American Educational Research Association (AERA), American Psychological Association (APA), and the National Council on Measurement in Education (NCME). (1999). Standards for Educational and Psychological Testing. Washington, D.C.: Author.

Educational Testing Service (ETS). (2002) ETS Standards for Quality and Fairness. Princeton, N.J.
Kolen, M. J., & Brennan, R. L. (2004). Test equating, scaling and linking: Methods and practices. 2nd Ed. Springer.

Fairness and Equivalency in IIM Exams

A significant number of examination forms are used on behalf of the IIMs to evaluate the large candidate population. With the use of multiple forms comes the need to ensure fairness and equivalency of the examinations used for assessment. A post-equating process is necessary to ensure validity and fairness.

Equating is a psychometric process to adjust differences in difficulty so that scores from different test forms are comparable on a common metric and therefore fair to candidates testing across multiple days. The equating process was designed with three phases: exam creation, post-equating, and scaling.

Each form contains a pre-defined number of statistically profiled questions selected from a large bank. These questions form an equating block within a form, which can be used as an anchor to rescale candidates’ scores to the metric of the item bank. This rescaling process adjusts for the difference in the form difficulties, taking into account of candidates’ differential performance on the equating block. As a result, the candidates’ rescaled scores can be placed and compared on the common metric regardless which form they take.

This approach provides support for equating without significantly impacting the security of the items. The second phase of the process is post equating. In this process, items are concurrently analyzed and the estimated item parameters (item difficulty and item discrimination) are put onto a common metric. Item Response Theory (IRT), a psychometrically supported statistical model, is utilized in this process. The result is a statistically equated raw score that takes into account the performance of the candidate along with the difficulty of the form administered.

Once post-equating has resulted in an equated raw score, scaling of the scores is done to reduce confusion to candidates. Scaling can be done using a linear or non-linear transformation of the original, equated number correct. Though the number as presented to candidates is placed on a common scale for ease of interpretation, the position of candidates in the score distribution does not change.

Lastly, once scaled scores are established, the final step in the scoring process is to rank candidates in their performance. A percentile rank is the percentage of scores that fall below a given score.

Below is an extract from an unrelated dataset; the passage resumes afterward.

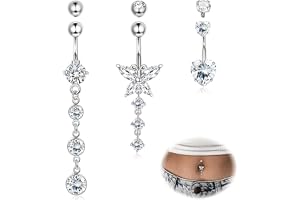 YADOCA 14 g navelpiercing kirurgiskt stål silver/guld piercing navel hjärta CZ lång navelpiercing ring (med 3 ersättningsboll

With the total scale scores arranged in rank order from the lowest to highest, in 100 equally sized groups, a table with the total scale scores to percentile ranks will be created. This ranked list of candidates will allow for the identification of candidates from the highest performers at the very top of the list to the lower performers in the middle and low end of the scale.

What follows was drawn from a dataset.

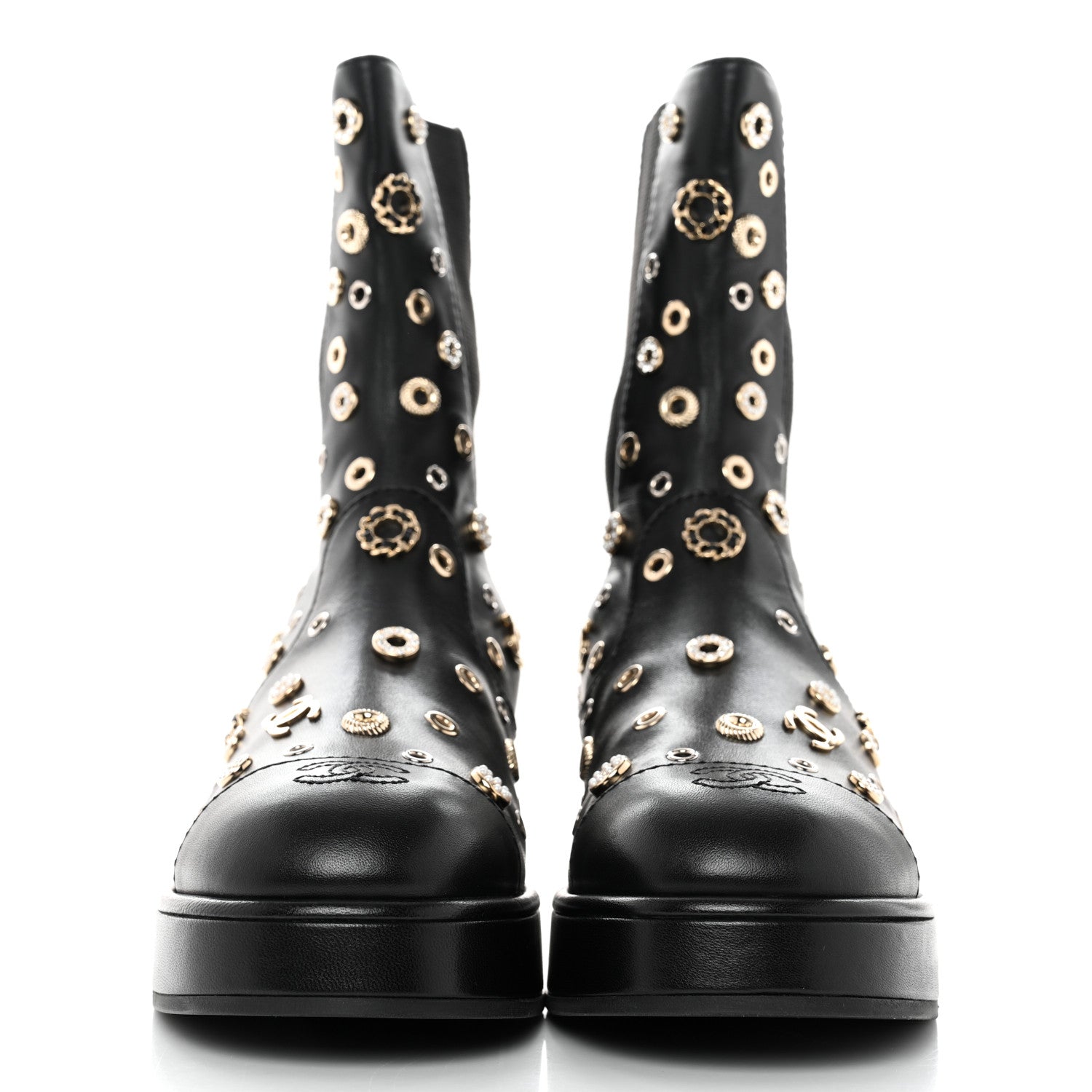 Chanel Lambskin Riveted Cap Toe Short Boots 38 Black 2 of 10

The test development and equating models outlined have substantial advantages to candidates. First, they confirm with a high level of psychometric rigor that all examination scores are valid, equitable and fair. Post equating takes into account any statistical differences in examination difficulty and ensures all candidates are evaluated on a common scale. Reporting scores on this statistically equivalent scale creates an environment where the very high performing candidates will be ranked appropriately at the top end of the scale.